**** Task input ****

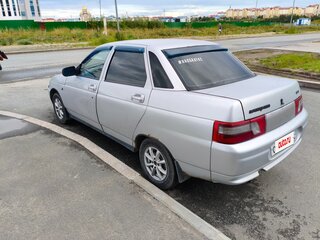 2007 Lada (ВАЗ) 2110, серебристый, 150000 рублей, вид 5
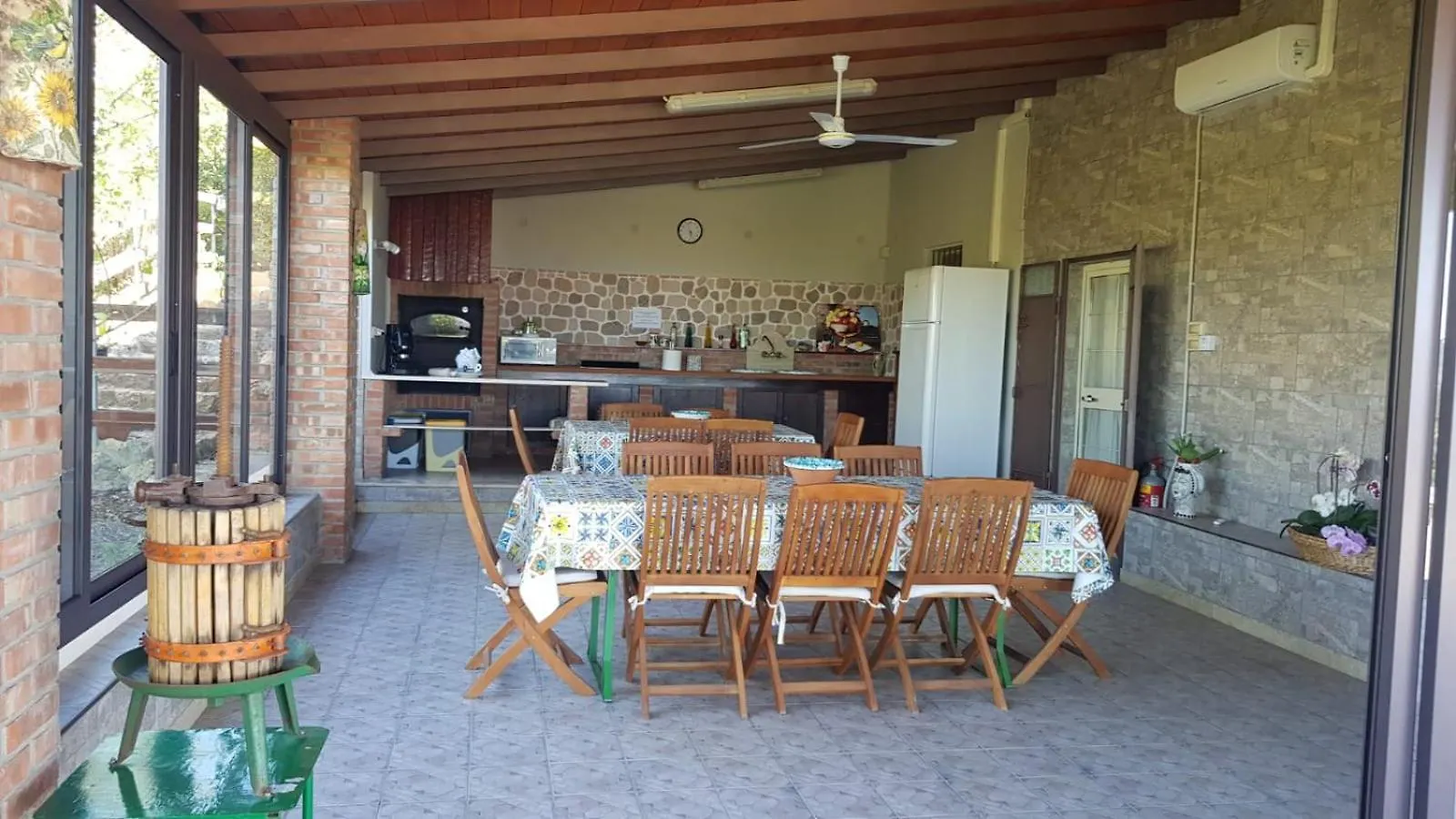 Villa Bed House Floristella Valguarnera Caropepe Italia
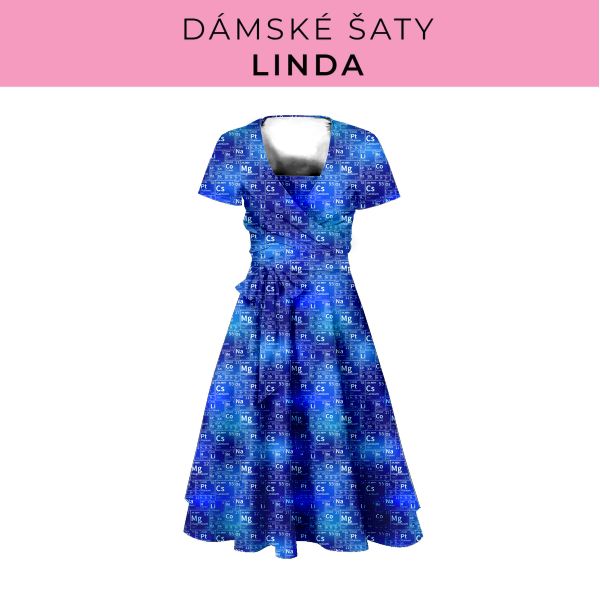 DÁMSKÝ střih - šaty Linda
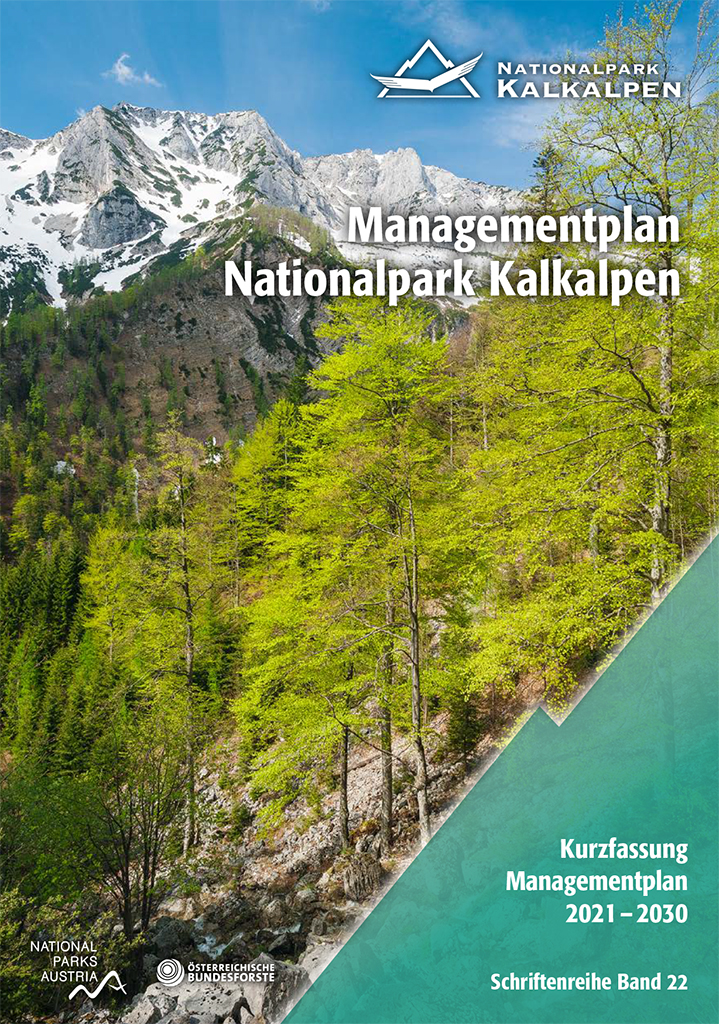 Managementplan Nationalpark Kalkalpen 2021 - 2030, Kurzfassung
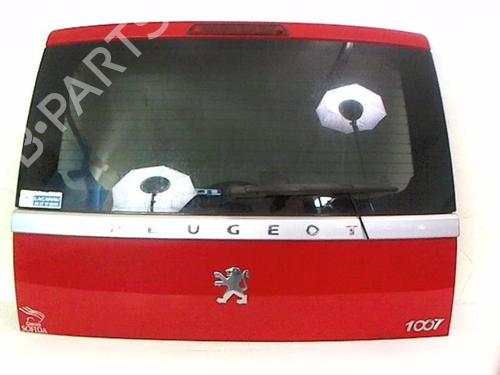 Used Tailgate PEUGEOT 1007 (KM_) 1.4 HDi (68 hp) 20473740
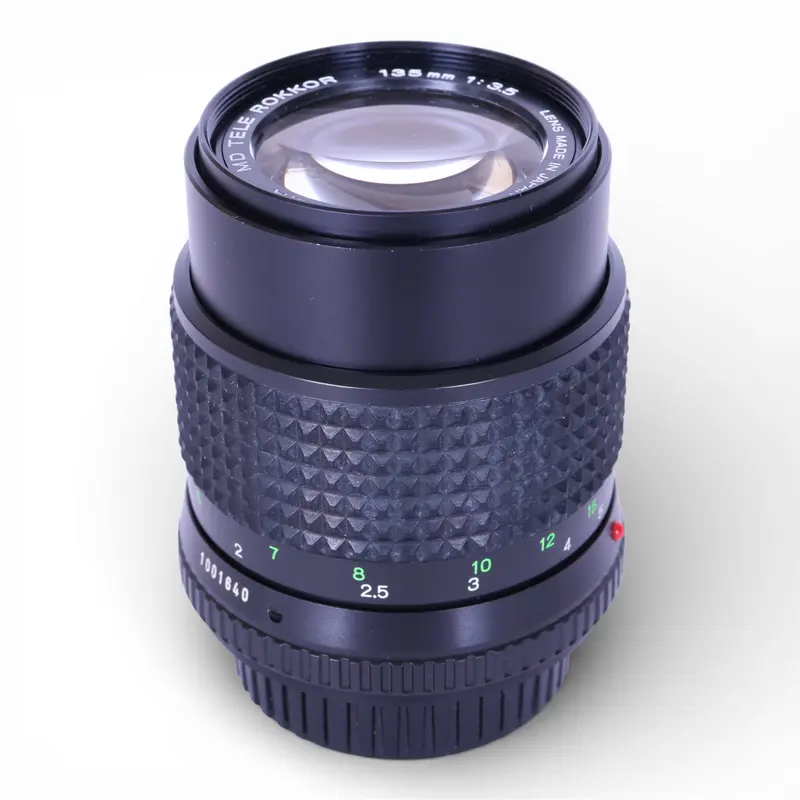 MD Tele Rokkor 135mm f/3.5 Telelens Minolta SR/MD
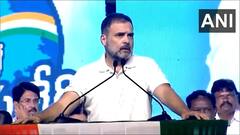 Rahul Gandhi Fires on CM KCR |మోదీ దోస్త్ KCR పై ఈడీ,సీబీఐ కేసులు ఉండవు | ABP Desam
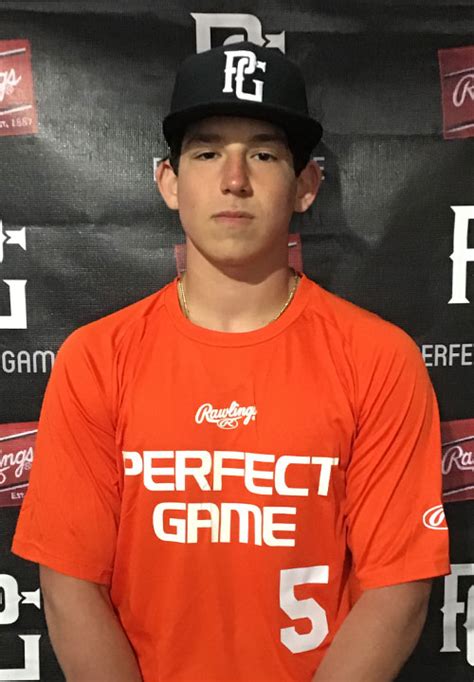 Nickolas Gnardellis Class Of 2022 Player Profile Perfect Game Usa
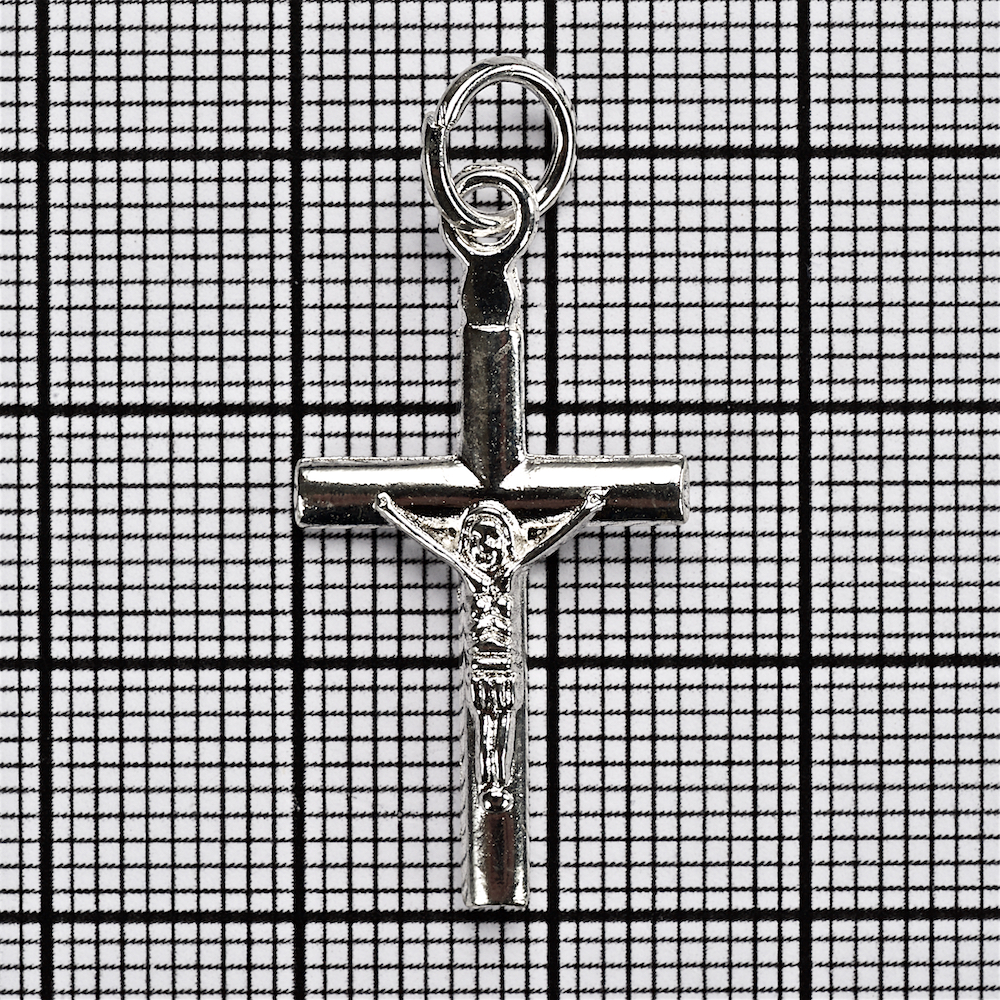 Металева підвіска Хрест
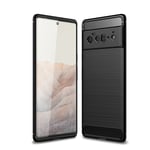 Google Pixel 6 Pro Carbon Fibre Case Black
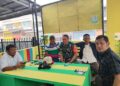 Perkuat Sinergi dengan Kepling dan Warga, Babinsa Pandau Hulu Gencarkan Pembinaan Teritorial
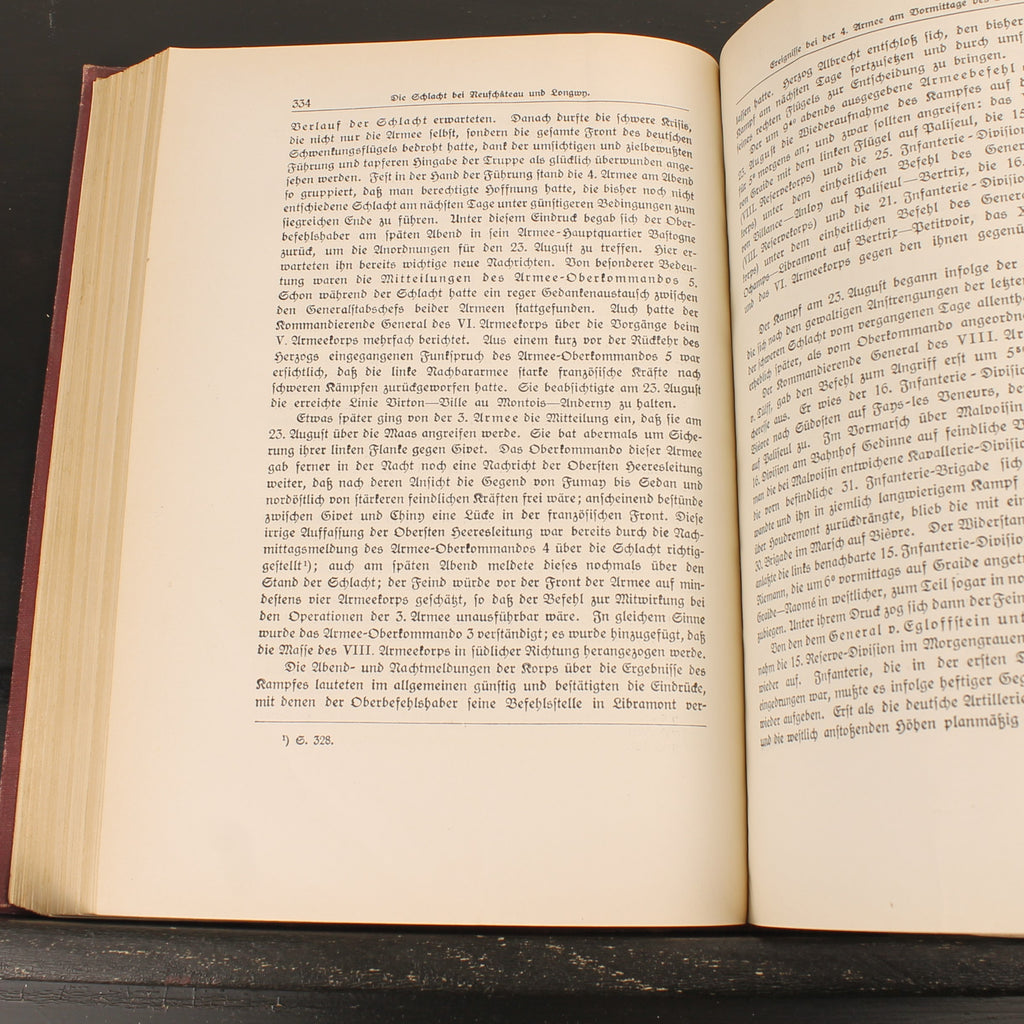 La guerra mondiale 1914-1918 - Reichsarchiv Volume 1 - E. S. Mittler & Sohn, Berlino 1925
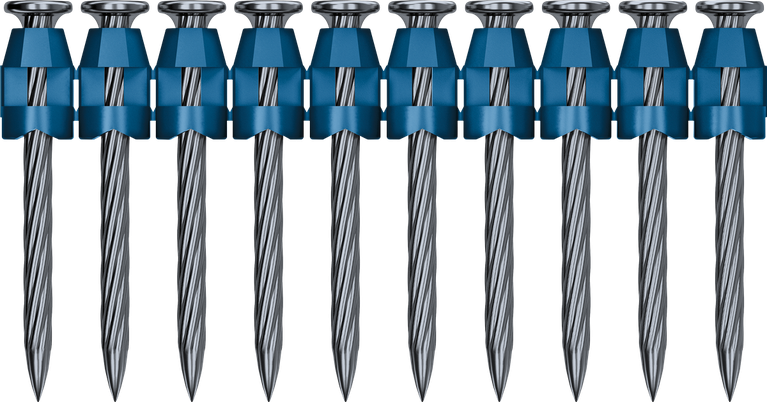 Bosch -35 釘子，長度 35 毫米，柄長 2.7 毫米。.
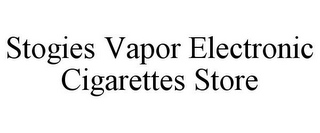STOGIES VAPOR ELECTRONIC CIGARETTES STORE
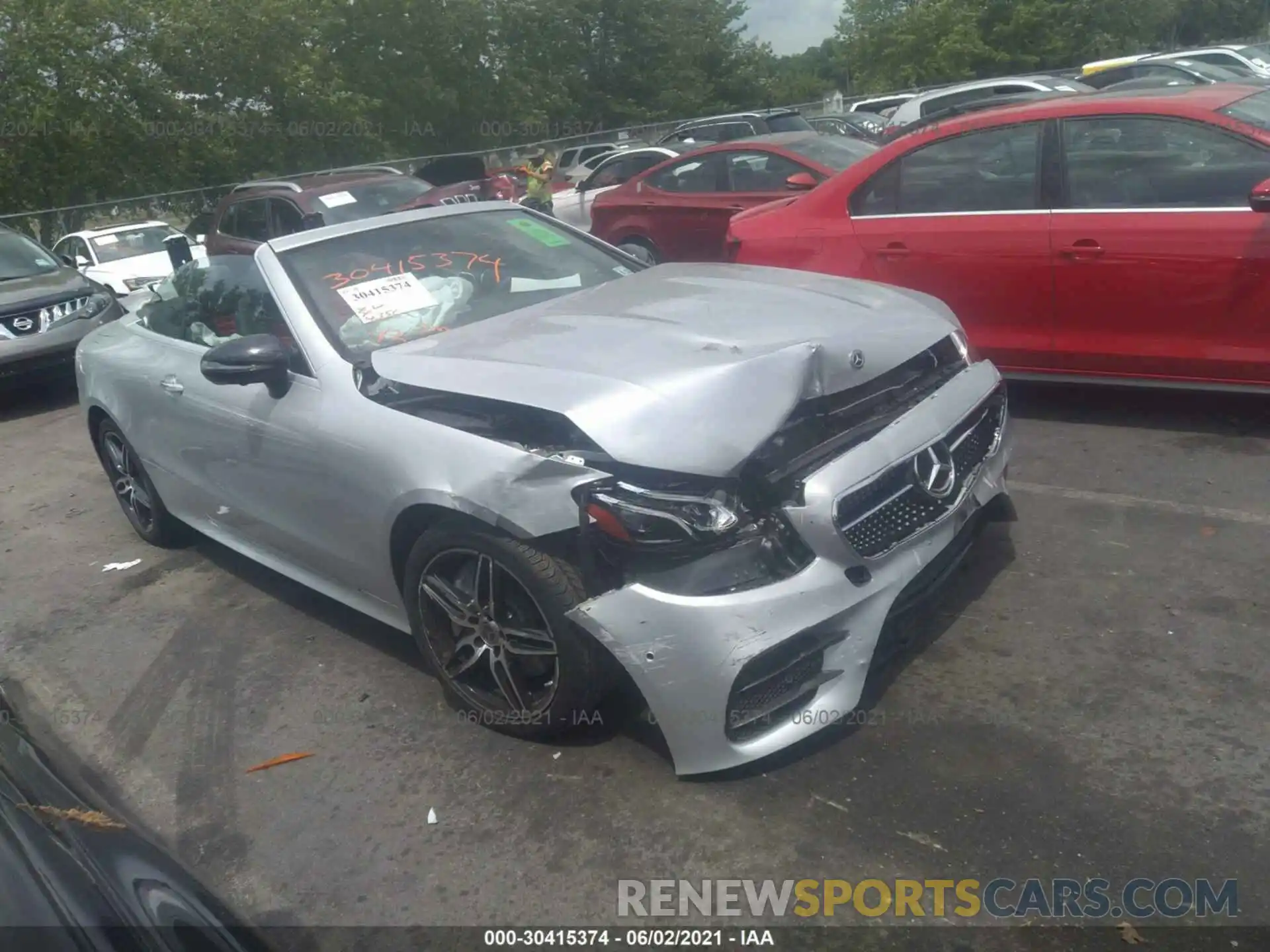 1 Photograph of a damaged car WDD1K6JB1LF125971 MERCEDES-BENZ E-CLASS 2020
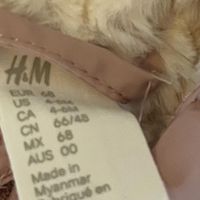 کاپشن برند H&M نو آکبند سایز ۴ تا ۶ ماه|کفش و لباس بچه|تهران, سازمان برنامه|دیوار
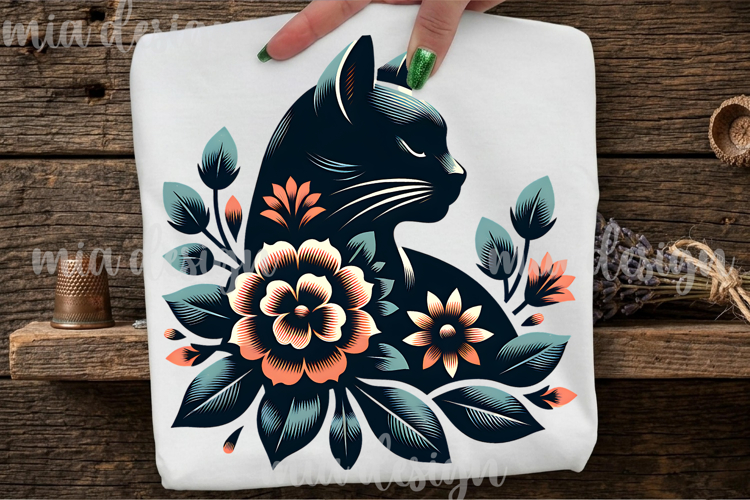 Cute Cat Clipart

****

* **Problem to solve**:
Images are to be omitted; repeat the remaining data above exactly.

* **Response to this task**:
 2007 Lada (ВАЗ) 2110, серебристый, 150000 рублей, вид 5
 Villa Bed House Floristella Valguarnera Caropepe Italia
 DÁMSKÝ střih - šaty Linda
 Managementplan Nationalpark Kalkalpen 2021 - 2030, Kurzfassung
 Used Tailgate PEUGEOT 1007 (KM_) 1.4 HDi (68 hp) 20473740
 MD Tele Rokkor 135mm f/3.5 Telelens Minolta SR/MD
 Rahul Gandhi Fires on CM KCR |మోదీ దోస్త్ KCR పై ఈడీ,సీబీఐ కేసులు ఉండవు | ABP Desam
 Nickolas Gnardellis Class Of 2022 Player Profile Perfect Game Usa
 Металева підвіска Хрест
 Google Pixel 6 Pro Carbon Fibre Case Black
 Perkuat Sinergi dengan Kepling dan Warga, Babinsa Pandau Hulu Gencarkan Pembinaan Teritorial
 La guerra mondiale 1914-1918 - Reichsarchiv Volume 1 - E. S. Mittler & Sohn, Berlino 1925
 Bosch -35 釘子，長度 35 毫米，柄長 2.7 毫米。.
STOGIES VAPOR ELECTRONIC CIGARETTES STORE
 1 Photograph of a damaged car WDD1K6JB1LF125971 MERCEDES-BENZ E-CLASS 2020
 کاپشن برند H&M نو آکبند سایز ۴ تا ۶ ماه|کفش و لباس بچه|تهران, سازمان برنامه|دیوار
 Cute Cat Clipart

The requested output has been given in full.